D&D does dystopian children's fantasy: Looking for some ideas
Hey ho, so I'm taking over running one of my existing D&D groups. I have a campaign in my pocket that I have run part of before, A dystopian Narnia. If somehow my players meet just the right overlaps of nerd and techness to have ended up here. Leave now .
But it's really a set up for a longer campaign that I hope bridges into more worlds. I have the Narnian World really fleshed out, but if somebody feels particularly passionate and has ideas, please let me know. I can provide any detail folks would like into being asked a tricky question just helps me World build so please go for it.

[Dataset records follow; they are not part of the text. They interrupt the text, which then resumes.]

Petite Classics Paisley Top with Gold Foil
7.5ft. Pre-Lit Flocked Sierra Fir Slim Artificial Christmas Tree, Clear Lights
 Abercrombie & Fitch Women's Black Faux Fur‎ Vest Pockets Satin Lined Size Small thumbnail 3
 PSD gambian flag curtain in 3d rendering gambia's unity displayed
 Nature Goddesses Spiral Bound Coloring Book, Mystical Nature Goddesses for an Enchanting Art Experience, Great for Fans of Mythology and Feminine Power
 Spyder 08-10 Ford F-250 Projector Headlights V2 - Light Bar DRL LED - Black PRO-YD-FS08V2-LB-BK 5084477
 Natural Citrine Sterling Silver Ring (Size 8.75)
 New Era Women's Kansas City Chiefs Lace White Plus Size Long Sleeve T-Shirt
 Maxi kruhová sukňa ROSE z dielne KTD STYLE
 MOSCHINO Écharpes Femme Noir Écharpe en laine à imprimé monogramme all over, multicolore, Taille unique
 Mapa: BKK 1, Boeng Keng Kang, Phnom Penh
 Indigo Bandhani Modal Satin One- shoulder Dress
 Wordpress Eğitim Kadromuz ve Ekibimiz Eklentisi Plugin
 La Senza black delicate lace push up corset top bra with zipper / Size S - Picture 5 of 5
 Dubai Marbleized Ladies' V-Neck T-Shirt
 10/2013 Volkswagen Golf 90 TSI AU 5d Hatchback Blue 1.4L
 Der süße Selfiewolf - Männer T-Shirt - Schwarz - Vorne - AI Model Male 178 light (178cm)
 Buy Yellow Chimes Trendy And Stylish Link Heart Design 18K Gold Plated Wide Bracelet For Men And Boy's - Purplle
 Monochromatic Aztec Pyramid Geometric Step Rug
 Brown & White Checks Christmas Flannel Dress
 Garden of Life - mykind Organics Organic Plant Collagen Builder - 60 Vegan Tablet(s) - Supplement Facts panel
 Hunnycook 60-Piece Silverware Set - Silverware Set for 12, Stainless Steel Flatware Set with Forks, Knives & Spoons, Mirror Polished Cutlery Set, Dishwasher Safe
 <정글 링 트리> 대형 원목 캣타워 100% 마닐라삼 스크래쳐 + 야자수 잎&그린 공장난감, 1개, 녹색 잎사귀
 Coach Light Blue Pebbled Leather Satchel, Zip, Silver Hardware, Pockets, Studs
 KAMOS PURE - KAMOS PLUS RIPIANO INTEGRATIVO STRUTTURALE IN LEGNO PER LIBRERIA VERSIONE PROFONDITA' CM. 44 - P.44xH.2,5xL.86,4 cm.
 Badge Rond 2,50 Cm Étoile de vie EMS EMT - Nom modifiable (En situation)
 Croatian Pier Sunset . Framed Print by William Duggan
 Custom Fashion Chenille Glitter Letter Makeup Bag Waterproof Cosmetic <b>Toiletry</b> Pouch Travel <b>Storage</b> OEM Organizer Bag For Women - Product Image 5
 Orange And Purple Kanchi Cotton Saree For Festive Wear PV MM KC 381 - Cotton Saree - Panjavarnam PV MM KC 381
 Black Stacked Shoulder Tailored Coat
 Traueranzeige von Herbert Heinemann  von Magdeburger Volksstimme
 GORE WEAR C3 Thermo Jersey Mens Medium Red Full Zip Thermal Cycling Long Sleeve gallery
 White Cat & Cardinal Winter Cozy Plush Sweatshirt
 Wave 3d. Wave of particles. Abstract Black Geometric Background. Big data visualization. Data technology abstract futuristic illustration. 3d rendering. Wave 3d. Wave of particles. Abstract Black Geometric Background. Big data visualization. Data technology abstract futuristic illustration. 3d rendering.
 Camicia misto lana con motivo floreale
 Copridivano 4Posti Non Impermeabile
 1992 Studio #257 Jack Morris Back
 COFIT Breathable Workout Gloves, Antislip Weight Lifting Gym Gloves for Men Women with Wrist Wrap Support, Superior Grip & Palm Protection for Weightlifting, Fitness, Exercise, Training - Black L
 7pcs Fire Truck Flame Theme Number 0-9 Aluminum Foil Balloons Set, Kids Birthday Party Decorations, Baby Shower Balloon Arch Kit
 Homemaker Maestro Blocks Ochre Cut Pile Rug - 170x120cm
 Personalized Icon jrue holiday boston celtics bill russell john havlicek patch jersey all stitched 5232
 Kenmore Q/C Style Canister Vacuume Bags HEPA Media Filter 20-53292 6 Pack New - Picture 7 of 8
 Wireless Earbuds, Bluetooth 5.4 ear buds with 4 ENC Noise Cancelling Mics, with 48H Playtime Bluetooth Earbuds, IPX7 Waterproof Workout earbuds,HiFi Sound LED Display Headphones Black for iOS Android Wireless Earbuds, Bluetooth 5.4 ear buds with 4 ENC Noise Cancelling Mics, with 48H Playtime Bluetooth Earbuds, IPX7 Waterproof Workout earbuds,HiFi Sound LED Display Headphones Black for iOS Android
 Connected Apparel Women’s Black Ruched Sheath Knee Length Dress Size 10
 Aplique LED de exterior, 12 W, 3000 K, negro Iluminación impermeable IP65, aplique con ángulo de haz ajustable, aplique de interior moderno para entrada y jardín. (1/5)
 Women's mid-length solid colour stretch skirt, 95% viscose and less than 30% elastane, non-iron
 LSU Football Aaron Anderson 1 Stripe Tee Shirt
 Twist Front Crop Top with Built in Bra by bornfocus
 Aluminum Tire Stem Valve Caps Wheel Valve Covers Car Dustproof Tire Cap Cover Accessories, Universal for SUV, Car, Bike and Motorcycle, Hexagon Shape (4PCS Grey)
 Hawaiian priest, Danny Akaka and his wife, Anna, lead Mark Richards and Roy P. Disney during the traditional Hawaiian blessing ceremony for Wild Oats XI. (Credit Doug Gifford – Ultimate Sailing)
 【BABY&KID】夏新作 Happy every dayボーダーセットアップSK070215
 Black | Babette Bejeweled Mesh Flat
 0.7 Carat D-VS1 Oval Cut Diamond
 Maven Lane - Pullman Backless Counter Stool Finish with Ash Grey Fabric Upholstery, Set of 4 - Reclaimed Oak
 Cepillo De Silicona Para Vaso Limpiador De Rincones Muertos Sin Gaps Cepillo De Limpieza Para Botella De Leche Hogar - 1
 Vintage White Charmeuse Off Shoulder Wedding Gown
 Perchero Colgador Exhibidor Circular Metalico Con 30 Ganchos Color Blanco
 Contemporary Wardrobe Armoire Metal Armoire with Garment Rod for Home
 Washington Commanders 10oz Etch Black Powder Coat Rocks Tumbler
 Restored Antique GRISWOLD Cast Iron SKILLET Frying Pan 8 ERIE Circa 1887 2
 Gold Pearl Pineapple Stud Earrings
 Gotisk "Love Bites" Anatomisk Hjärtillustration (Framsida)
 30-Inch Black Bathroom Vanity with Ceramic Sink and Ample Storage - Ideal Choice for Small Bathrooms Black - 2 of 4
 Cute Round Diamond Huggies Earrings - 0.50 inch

The general gist is that our adventurers are pulled by a much weakened aslan from faerun or whatever default world we start from into Narnia. There they find it has been a thousand years of winter and rule by The White Witch. I'm familiar enough with the lore that if they decide to leave the country of Narnia or seek out another witch as an ally I have some options. Hopefully they save the day and free Narnia from Christmas-less winter. (I'm leaning hard into all the broad references to mythology in Narnia, Dionysus and the Maenads, the River God
If they do, they will receive a set of the magic rings used in The magician's nephew to allow people to pop between Narnia and the wood between the worlds. Allowing them to hop into other stories that have been similarly messed up.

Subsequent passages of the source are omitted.